* [GOAL OF THE EXERCISE] Could you restate word for word every line of the records below, from the first one to the one holding "uttak, 7 m kabel"?
+===+
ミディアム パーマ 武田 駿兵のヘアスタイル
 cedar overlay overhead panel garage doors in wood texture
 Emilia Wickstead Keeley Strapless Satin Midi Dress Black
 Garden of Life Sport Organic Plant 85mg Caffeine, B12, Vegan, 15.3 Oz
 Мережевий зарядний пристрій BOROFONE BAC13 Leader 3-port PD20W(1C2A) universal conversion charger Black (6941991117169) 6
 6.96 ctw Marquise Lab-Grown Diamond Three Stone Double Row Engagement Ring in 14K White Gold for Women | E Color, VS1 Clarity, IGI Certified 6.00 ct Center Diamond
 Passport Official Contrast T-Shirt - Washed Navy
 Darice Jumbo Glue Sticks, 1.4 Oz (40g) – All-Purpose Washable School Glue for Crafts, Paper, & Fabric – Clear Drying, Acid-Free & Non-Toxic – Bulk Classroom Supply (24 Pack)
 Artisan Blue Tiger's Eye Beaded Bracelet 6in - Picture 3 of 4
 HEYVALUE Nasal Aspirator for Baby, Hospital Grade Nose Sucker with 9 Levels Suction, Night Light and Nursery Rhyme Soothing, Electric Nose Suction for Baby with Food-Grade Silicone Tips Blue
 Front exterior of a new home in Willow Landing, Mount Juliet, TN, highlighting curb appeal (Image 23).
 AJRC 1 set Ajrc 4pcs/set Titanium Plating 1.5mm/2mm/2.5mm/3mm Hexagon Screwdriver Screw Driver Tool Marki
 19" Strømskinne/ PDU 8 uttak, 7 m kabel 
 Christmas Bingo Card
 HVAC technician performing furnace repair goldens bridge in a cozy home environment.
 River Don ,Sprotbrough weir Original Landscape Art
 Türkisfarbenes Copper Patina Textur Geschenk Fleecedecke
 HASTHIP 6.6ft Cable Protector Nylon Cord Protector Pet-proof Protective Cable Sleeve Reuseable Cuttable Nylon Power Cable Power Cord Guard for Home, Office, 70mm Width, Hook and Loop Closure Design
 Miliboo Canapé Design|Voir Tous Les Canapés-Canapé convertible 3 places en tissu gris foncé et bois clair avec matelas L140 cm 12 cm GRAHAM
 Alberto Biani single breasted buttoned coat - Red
+===+
* [FINAL ANSWER]
ミディアム パーマ 武田 駿兵のヘアスタイル
 cedar overlay overhead panel garage doors in wood texture
 Emilia Wickstead Keeley Strapless Satin Midi Dress Black
 Garden of Life Sport Organic Plant 85mg Caffeine, B12, Vegan, 15.3 Oz
 Мережевий зарядний пристрій BOROFONE BAC13 Leader 3-port PD20W(1C2A) universal conversion charger Black (6941991117169) 6
 6.96 ctw Marquise Lab-Grown Diamond Three Stone Double Row Engagement Ring in 14K White Gold for Women | E Color, VS1 Clarity, IGI Certified 6.00 ct Center Diamond
 Passport Official Contrast T-Shirt - Washed Navy
 Darice Jumbo Glue Sticks, 1.4 Oz (40g) – All-Purpose Washable School Glue for Crafts, Paper, & Fabric – Clear Drying, Acid-Free & Non-Toxic – Bulk Classroom Supply (24 Pack)
 Artisan Blue Tiger's Eye Beaded Bracelet 6in - Picture 3 of 4
 HEYVALUE Nasal Aspirator for Baby, Hospital Grade Nose Sucker with 9 Levels Suction, Night Light and Nursery Rhyme Soothing, Electric Nose Suction for Baby with Food-Grade Silicone Tips Blue
 Front exterior of a new home in Willow Landing, Mount Juliet, TN, highlighting curb appeal (Image 23).
 AJRC 1 set Ajrc 4pcs/set Titanium Plating 1.5mm/2mm/2.5mm/3mm Hexagon Screwdriver Screw Driver Tool Marki
 19" Strømskinne/ PDU 8 uttak, 7 m kabel 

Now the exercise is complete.